Four key lessons for building scale-up partnerships
Scaling up programs that have strong evidence of effectiveness is a vital but often complicated step along the evidence-to-policy journey. Ultimately, scaling is both a science and an art, and after a decade of successes and setbacks in partnerships for scale, J-PAL has learned a lot about collaborating with policymakers to translate research into large-scale action.
J-PAL has devoted considerable resources over the past two decades to the science part of the scaling equation—conducting replication studies, testing multiple versions of programs, and designing randomized evaluations to identify key mechanisms driving impact in order to understand when findings generalize (or don’t) from one context to another.

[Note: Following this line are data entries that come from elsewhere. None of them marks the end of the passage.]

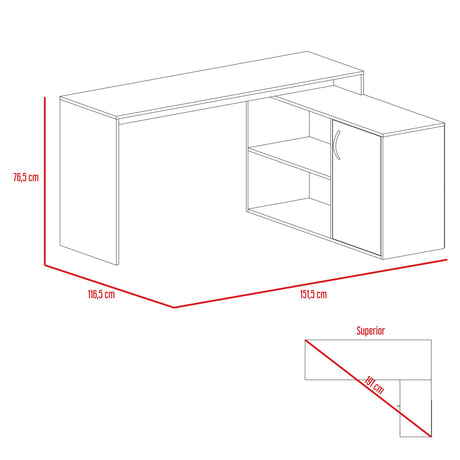 Escritorio En L Axis Blanco 151.5x76.5cm Sin Cajones Y Con Organizador De Libros - ESCRITORIOS | Bylmo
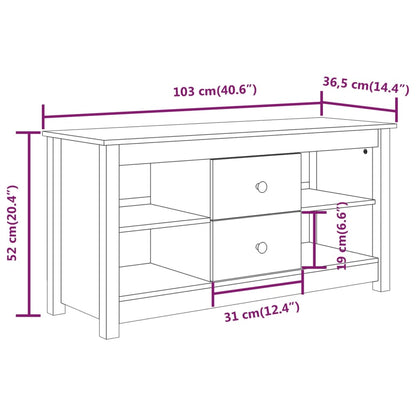 TV Cabinet 103x36.5x52 cm Solid Wood Pine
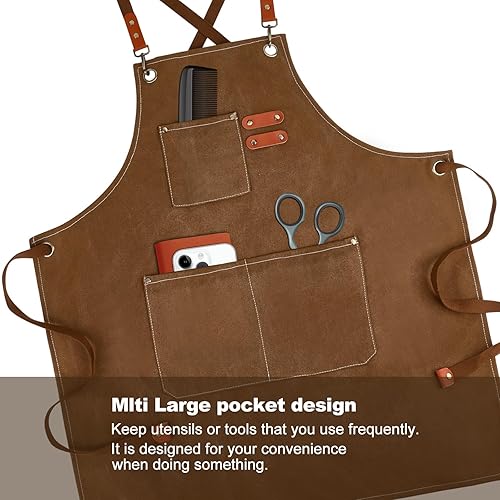 Miniatura 5 de Delantales de chef con espalda cruzada para hombres y mujeres con bolsillos, delantal de trabajo de cocina ajustable de lona de algodón para cocina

In a book chapter recently published in The Scale-Up Effect in Early Childhood and Public Policy: Why Interventions Lose Impact at Scale and What We Can Do About It (Routledge 2021), we dive into the ways in which scaling is also an art—one that takes a coalition of committed partners with diverse expertise and political savvy working together to make change happen. (The full volume, which explores both threats and enabling factors for scalability in the early childhood field, was edited by John A. List, Dana Suskind, and Lauren H. Supplee.)
Our chapter, “Forging Collaborations for Scale: Catalyzing Partnerships Among Policy Makers, Practitioners, Researchers, Funders, and Evidence-to-Policy Organizations,” recognizes that despite growing interest in evidence-informed policy making, we still have a long way to go to fully understanding how to scale up effective programs. Successfully scaling up an evidence-informed program or intervention requires (at minimum):
- a deep understanding of both global evidence and the specific local context and systems,
- a policy window in which change is possible,
- political will to change the status quo,
- adequate funding resources, and
- capacity to monitor and implement the program well.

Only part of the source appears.